Marrakech
24c
Voyage vers Marrakech : H00tel,Restaurant,Jardin Marrakech - Maroc

La Ménara dans les écrits de Mme Henriette Celarié Un Mois Au Maroc

Librairie Hachette, 1923

Née en Lorraine, Henriette Celarié commence très jeune ses voyages vers l’Espagne, l’Allemagne et l’Europe. A partir de 1920, la librairie Hachette a inauguré une collection de livres de voyages sous le titre Un mois à…….., et convie Henriette Celarié à y participer. Elle voyage vers le Maroc, l’Algérie, la Tunisie, la Corse et l’Afrique noire et rapporte de beaux récits de voyages.
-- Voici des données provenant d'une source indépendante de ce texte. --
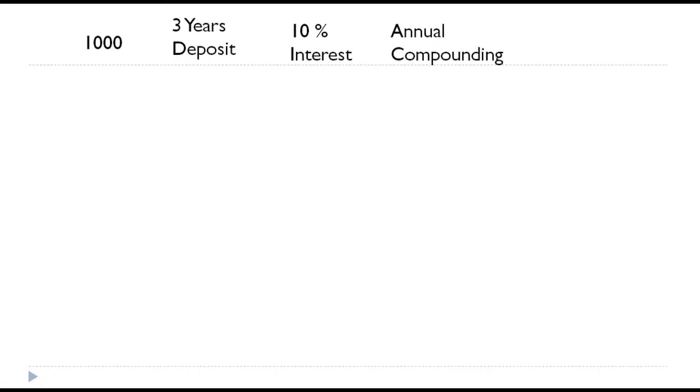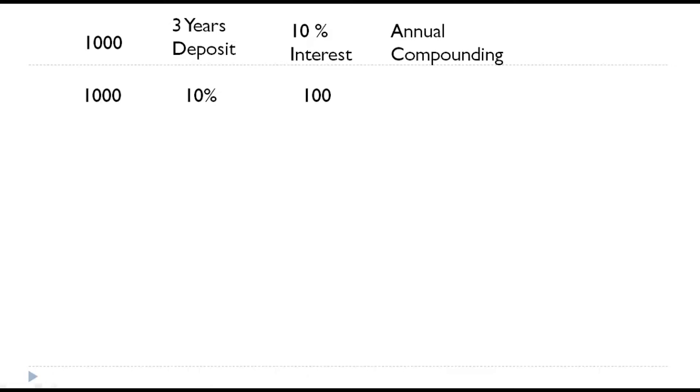You are going to part away with thousand for three years for which they are going to give you 10 percent and it is compounded annually. It means you will give a thousand now for year one at 10 percent, which will earn thousand one hundred. It will earn hundred for you. So, at the end of the year, you will have thousand one hundred.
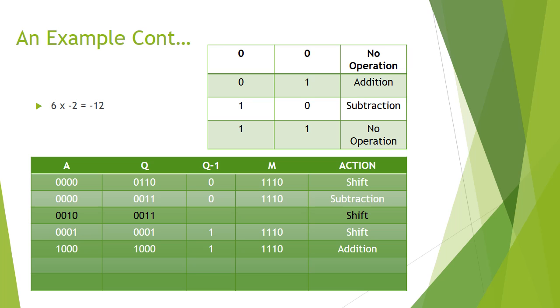Looking at the least significant bit of Q, which is 0, and the most significant bit of Q minus 1, which is 1, we see that this is an addition.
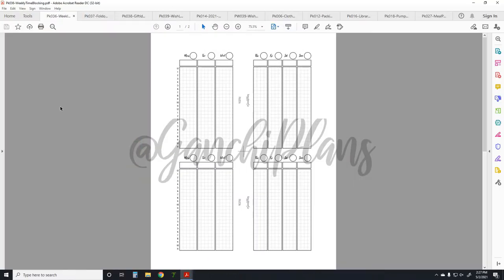Today I'm talking about all the inserts that were released in April 2021. Most months I try to publish five new inserts, but this month is only four because there's some other stuff going on as well. So starting off, insert 36 is this weekly time blocking spread.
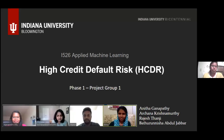Hello everyone, we are project group one and we have been working on the Home Credit Default Risk and exploratory data analysis for the presentation. The team members are myself, Anita and Archanor, Rajesh and Nisha.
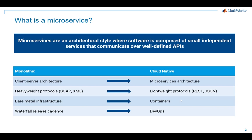Each microservice today is typically implemented as a Docker container with HTTP RESTful endpoint communicating over JSON payloads.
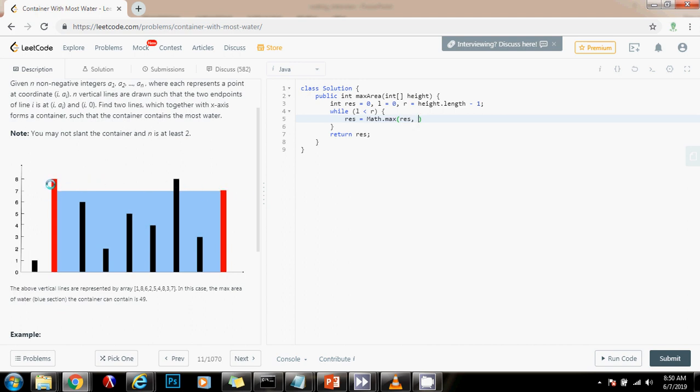Because as you can see here, this line is taller and this one is shorter, but it cannot be taller than the shorter line because it's going to go outside. The rest of the water will go outside. So we have to find the shorter line. So Math.min height of left or height of right.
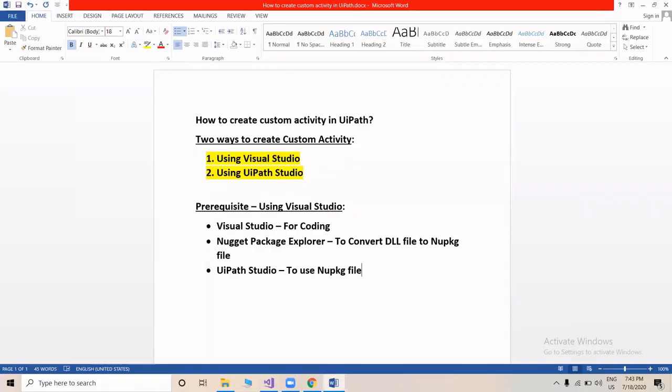Welcome back to the channel. Today we're going to see how to create a custom activity in UiPath. There are two ways to create a custom activity: the first is the well-known method using Visual Studio, and the second is using UiPath Studio, which is a bit easier. First, we'll see how to create a custom activity using Visual Studio, along with some prerequisites.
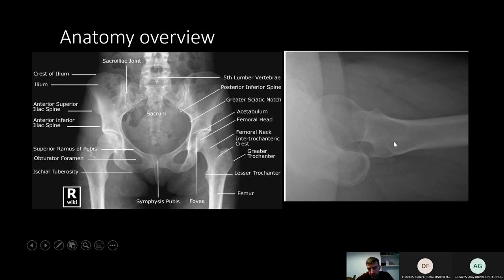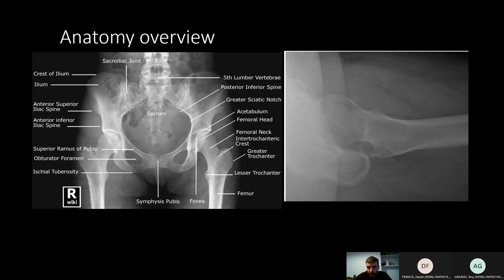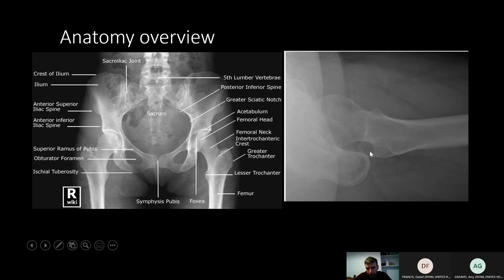This is the lateral view — more of an oblique view really — which is always a bit intimidating and often quite difficult to interpret, but it's very useful. When trying to work out what's anterior and posterior, remember your ischial tuberosity is always going to be at the back, so that tells you the anterior, and then you've got your trochanters, femoral shaft, and femoral head.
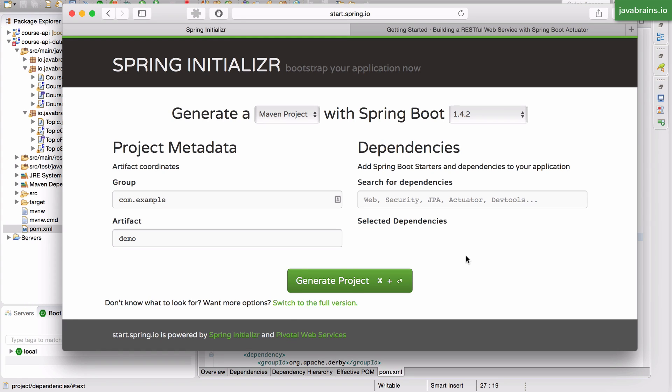Spring Boot has a bunch of features which let you monitor your Spring Boot application in production or really any environment after you've deployed it. What I'm going to be talking about in this video is a thing called actuator.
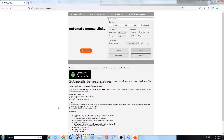Alright guys, so today we're just going to be doing a quick tutorial on how to download and use an autoclicker for Roblox. So first we're just going to want to go to opautoclicker.com, the link will be in the description.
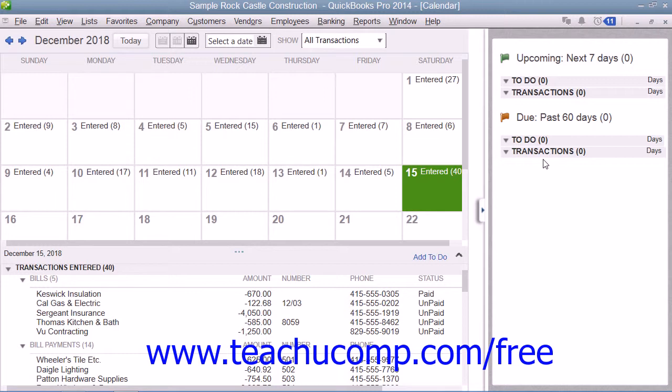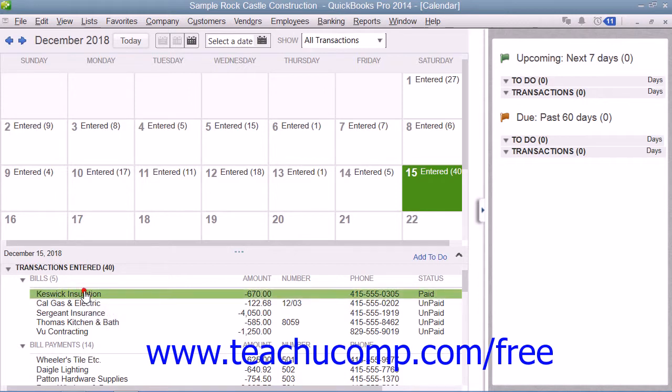Note that you can open any items shown within these areas by simply double-clicking on them to open the original transaction window.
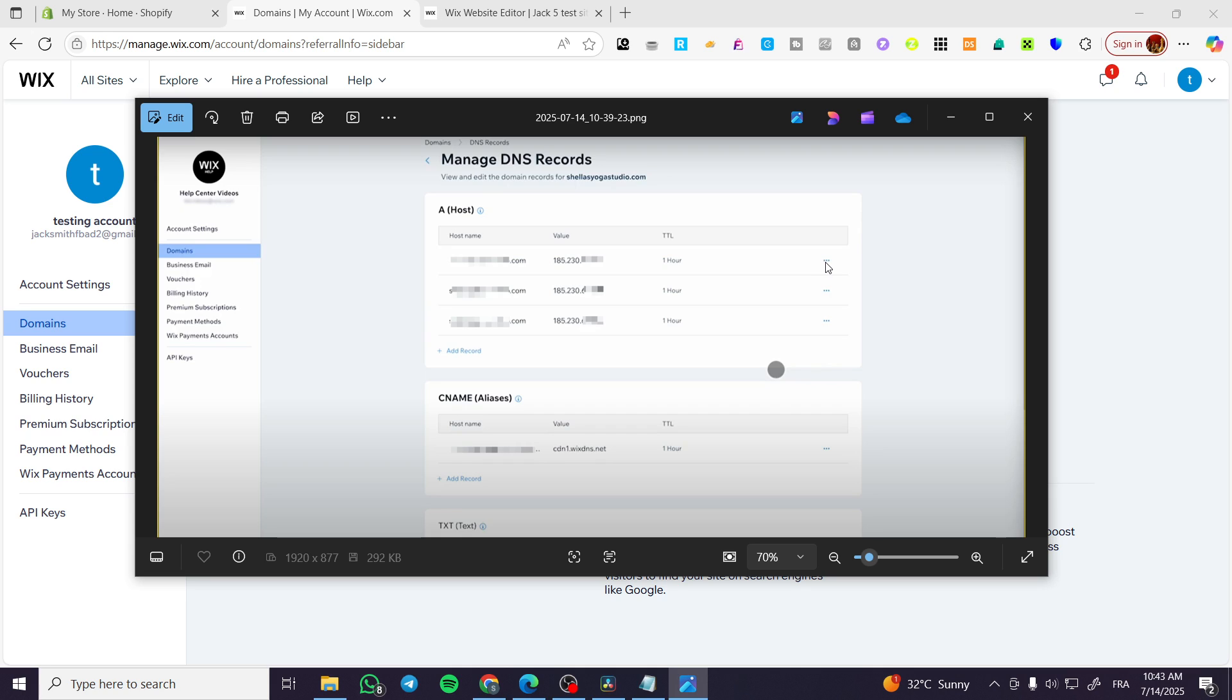We can click on the three dots here and we're going to click on edit. You can modify the value, the host name, and also the TTL.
En 1923, Henriette Celarié sillonne les routes marocaines et rédige Un mois au Maroc, une sorte de guide inspiré et lyrique avec de belles illustrations de photographies, de gravures et de cartes. Elle se marie avec un officier, apprend l’arabe et s’intéresse à la vie des femmes dans les harems. Elle s’engage à défendre les femmes et dénonce les conditions insupportables qu’elles endurent. De 1926 à 1929, Henriette Celarié couvre la guerre du Rif pour le compte de la revue des Deux Mondes.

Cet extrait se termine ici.